Die EU-Kommission hat ihre Konjunkturprognose für die kommenden Jahre nach unten korrigiert und rechnet mit einem geringeren Wachstum in EU und Eurozone. Grund sind nach Angaben der Behörde die Folgen des Konflikts im Nahen Osten, der zu einem neuen Energieschock geführt hat. Gleichzeitig erwartet die Kommission eine höhere Inflation als bislang angenommen.
Gedämpfte Wachstumsaussichten für EU, Eurozone und Deutschland
Die EU-Kommission geht in ihrer aktuellen Herbstprognose davon aus, dass die Wirtschaft in der EU 2026 um 1,1 Prozent und 2027 um 1,4 Prozent wachsen wird, wie die Brüsseler Behörde am Donnerstag mitteilte. Im Herbst hatte sie noch einen Zuwachs von 1,4 Prozent im laufenden Jahr erwartet.

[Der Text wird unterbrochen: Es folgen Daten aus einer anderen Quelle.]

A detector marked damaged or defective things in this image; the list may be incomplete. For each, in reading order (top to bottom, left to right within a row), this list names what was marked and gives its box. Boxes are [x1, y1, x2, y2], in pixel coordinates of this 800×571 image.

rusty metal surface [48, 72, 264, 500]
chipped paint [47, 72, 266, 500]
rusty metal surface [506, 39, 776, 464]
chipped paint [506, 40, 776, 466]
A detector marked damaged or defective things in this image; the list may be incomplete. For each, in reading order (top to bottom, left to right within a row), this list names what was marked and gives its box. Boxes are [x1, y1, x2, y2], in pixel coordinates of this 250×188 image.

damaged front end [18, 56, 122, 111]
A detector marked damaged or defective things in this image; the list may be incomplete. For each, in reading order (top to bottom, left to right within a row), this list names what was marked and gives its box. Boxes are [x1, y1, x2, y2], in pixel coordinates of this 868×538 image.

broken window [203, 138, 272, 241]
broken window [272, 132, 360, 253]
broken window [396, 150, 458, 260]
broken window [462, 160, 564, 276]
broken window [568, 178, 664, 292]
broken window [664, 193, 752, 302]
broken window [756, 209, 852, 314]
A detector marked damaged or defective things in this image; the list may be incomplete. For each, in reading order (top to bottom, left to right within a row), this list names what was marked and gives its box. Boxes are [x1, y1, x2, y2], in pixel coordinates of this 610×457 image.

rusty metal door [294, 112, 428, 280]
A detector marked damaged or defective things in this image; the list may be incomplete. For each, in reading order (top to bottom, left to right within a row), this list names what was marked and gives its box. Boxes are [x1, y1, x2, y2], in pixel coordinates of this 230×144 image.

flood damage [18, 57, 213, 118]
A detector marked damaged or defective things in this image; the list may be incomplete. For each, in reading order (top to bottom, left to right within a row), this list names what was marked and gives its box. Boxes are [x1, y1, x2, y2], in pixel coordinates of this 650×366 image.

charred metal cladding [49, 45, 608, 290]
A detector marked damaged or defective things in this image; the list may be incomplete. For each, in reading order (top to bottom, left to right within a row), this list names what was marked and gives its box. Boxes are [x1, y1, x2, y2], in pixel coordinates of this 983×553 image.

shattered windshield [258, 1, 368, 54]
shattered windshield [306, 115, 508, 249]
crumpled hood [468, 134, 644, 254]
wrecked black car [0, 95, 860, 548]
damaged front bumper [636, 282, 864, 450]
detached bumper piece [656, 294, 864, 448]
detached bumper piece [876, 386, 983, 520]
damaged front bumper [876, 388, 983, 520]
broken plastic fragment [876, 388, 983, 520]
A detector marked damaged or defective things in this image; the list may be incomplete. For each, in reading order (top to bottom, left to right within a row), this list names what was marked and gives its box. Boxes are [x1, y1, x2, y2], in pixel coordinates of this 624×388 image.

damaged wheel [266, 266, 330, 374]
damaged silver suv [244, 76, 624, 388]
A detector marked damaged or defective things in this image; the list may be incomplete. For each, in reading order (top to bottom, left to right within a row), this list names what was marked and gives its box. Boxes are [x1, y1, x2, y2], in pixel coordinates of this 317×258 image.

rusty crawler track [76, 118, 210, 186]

Für die Eurozone erwartet die Kommission ein Wachstum von 0,9 Prozent im Jahr 2026 und 1,2 Prozent im Jahr 2027, nachdem zuvor 1,2 Prozent und 1,4 Prozent prognostiziert worden waren. Für Deutschland halbierte die Kommission die Wachstumsprognose für 2026 von 1,2 Prozent auf 0,6 Prozent. 2027 soll die deutsche Wirtschaft dann um 0,9 Prozent wachsen.

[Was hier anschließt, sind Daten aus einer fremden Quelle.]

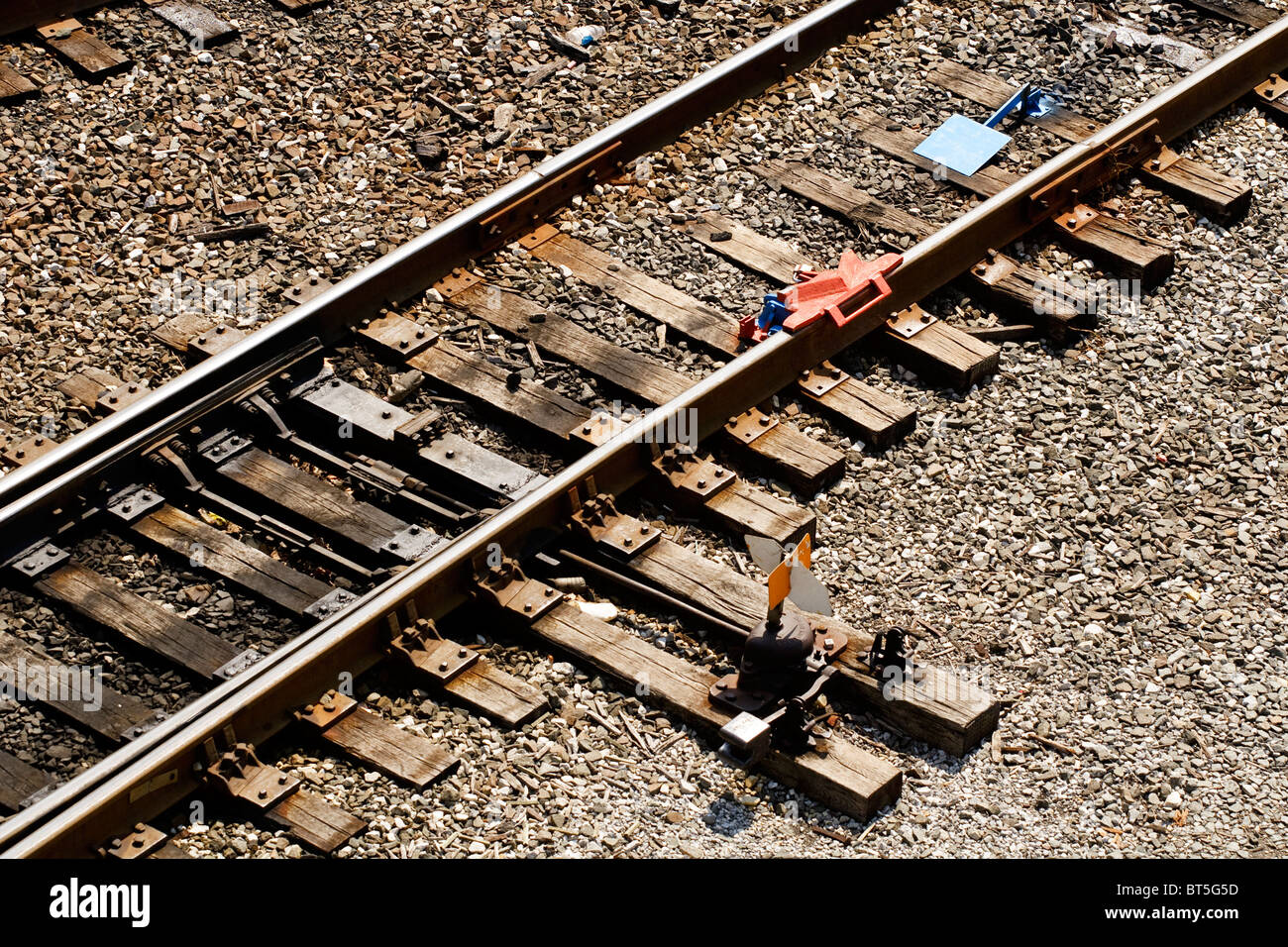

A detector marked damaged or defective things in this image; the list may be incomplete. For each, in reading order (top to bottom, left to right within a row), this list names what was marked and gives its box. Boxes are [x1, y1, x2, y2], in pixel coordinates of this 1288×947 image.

rusty metal plate [1251, 73, 1282, 101]
rusty metal plate [515, 221, 561, 250]
rusty metal plate [1050, 202, 1102, 233]
rusty metal plate [284, 274, 332, 307]
rusty metal plate [432, 266, 483, 300]
rusty metal plate [968, 252, 1020, 284]
rusty metal plate [361, 314, 440, 355]
rusty metal plate [886, 303, 937, 340]
rusty metal plate [799, 358, 849, 396]
rusty metal plate [97, 383, 151, 412]
rusty metal plate [574, 412, 633, 448]
rusty metal plate [726, 407, 773, 443]
rusty metal plate [1, 435, 57, 469]
rusty metal plate [654, 451, 736, 504]
rusty metal plate [297, 690, 361, 731]
rusty metal plate [102, 824, 168, 860]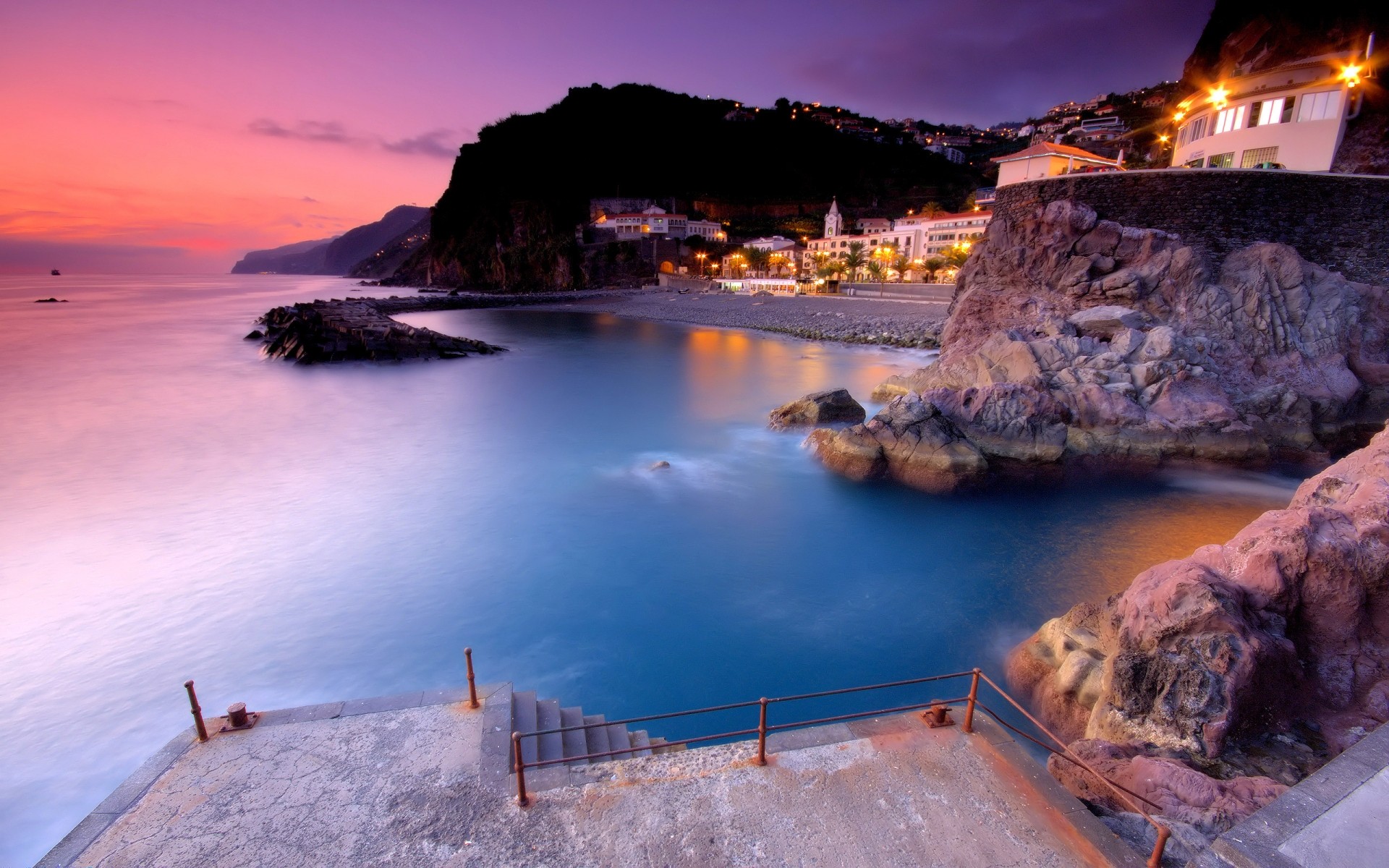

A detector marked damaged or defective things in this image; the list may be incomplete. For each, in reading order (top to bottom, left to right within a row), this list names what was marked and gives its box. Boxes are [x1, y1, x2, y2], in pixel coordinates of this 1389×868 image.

cracked concrete surface [65, 697, 1133, 867]
rusty metal railing [514, 666, 1172, 861]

Inflation höher als bisher prognostiziert
Den neuen Prognosen zufolge wird die Inflation in der EU 2026 voraussichtlich 3,1 Prozent erreichen, ein ganzer Prozentpunkt mehr als zuvor prognostiziert. Für 2027 rechnet die Kommission mit einem Rückgang auf 2,4 Prozent. Im Euro-Währungsgebiet wird die Inflation auf 3,0 Prozent im Jahr 2026 und auf 2,3 Prozent im Jahr 2027 geschätzt.
Konflikt im Nahen Osten als Auslöser des Energieschocks
Hintergrund der Anpassungen ist der Konflikt im Nahen Osten, der nach Angaben der Kommission einen neuen Energieschock ausgelöst hat. Vor dem Ausbruch des Konflikts im Februar 2026 war die EU-Wirtschaft demnach auf einem moderaten Wachstumskurs mit sinkender Inflation. Die Lage änderte sich jedoch drastisch, als die Energiepreise stark anzogen und die wirtschaftliche Aktivität an Schwung verlor.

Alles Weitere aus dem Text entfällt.